An ECN cares about this because it's more profitable to get the order executed by flash trading than if the ECN has to go outside its network. That's because of the "maker-taker" incentive system that rewards customers who make liquidity and requires those customers to pay to take liquidity.
If a flash trader is willing to execute the transaction, the customer's broker is considered a market maker because it "makes" liquidity giving a better price for the customer's shares while the ECN receives 0.25 cents once the transaction is executed. If the customer's broker accepts an order from the ECN, it's a liquidity "taker," so it pays the ECN 0.33 cents, which in turn pays 0.25 cents to whichever broker executed the trade.

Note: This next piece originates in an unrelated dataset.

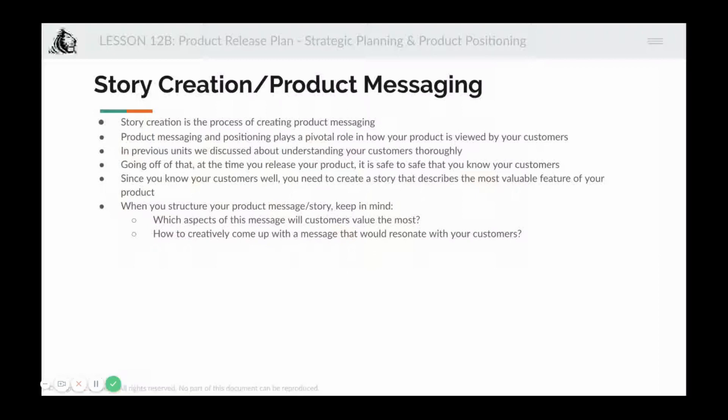Next comes product positioning and messaging, which is more to do with story creation — how do you create a strong story that people can resonate with. If you've done your other work well — user personas, user research, understanding pain points — then this shouldn't be a big problem, because a good chunk of your story and product messaging will come from interviews you've already done. For example, if a user said expense tracking is a pain, that automatically tells you your messaging should include that expense tracking is a pain and you've fixed it.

And if the trade is routed away to the market, the customer's broker pays higher fees.
We're almost at the part where all this connects back to what caused the flash crash. According to Donefer, only about 2% to 3% of stock-trading volume is from flash traders, and between 60% and 70% is conducted by high-frequency traders. HFTs break up a block order, say, to sell a million shares of IBM, into smaller pieces in order not to alert the market to the need for a big sale.
When the HFT Book Becomes Unbalanced, Liquidity Dries Up
HFTs are supposedly trying to make a tiny profit, say a penny, on the spread between the bid and ask price of the trades they help execute. In order for them to cover their massive computing expenses, the HFTs need to conduct huge volumes of trading so that they can make a profit.
But these high-frequency traders also try to keep what is known as a balanced book. This means that the number of buy transactions must always equal the number of sells. And should the book become unbalanced, depending on the amount of capital that an HFT is willing to risk, the HFT will stop trading.
And that appears to be the leading explanation for what caused the flash crash. All this so-called liquidity, which generally makes it possible for buyers and sellers to meet, suddenly disappeared because the high-frequency traders' books became too imbalanced. So the HFTs stopped trading, the liquidity dried up and the market plunged.
HFTs and Hedge Funds Turn Markets Hyper-Volatile to Boost Their Fees
This will continue to be a huge problem according to another expert I interviewed, Paul Wilmott, an Oxford University graduate with a DPhil in Mathematics (whose accent reminds me of John Lennon). Wilmott, who is one the world's top experts on derivatives, suggests that finance has become the tail that wags the economic dog.
Wilmott thinks HFTs and hedge funds are deliberately trying to make trading more volatile and difficult for the average investor so they can make more money. They accomplish this by using trading algorithms that lead to what Wilmott calls positive feedback loops, wherein all traders pursue similar strategies, which causes the market to move up and down more dramatically.
Since HFTs and hedge funds effectively control the market, he believes, they're able to earn 20% annual returns while creating tremendous volatility. This causes more institutional funds to flow to the HFTs and hedge funds that can earn such high returns -- something that those outside their club cannot accomplish.
The Worst Is Yet to Come
The result is that the stock market is no longer a place to raise capital in order to build businesses and employ people. Instead, it's a casino where the high rollers become wealthier at the expense of everyone else.
Wilmott is an expert on collateralized debt obligations, which contributed so heavily to the 2008 financial crisis. In his view, CDOs were safer than high-frequency trades because at least ratings agencies spent some time looking at the collateral (although in a shoddy fashion).
HFTs, in contrast, are able to act without regulatory scrutiny. If you thought May 6 was bad -- just wait.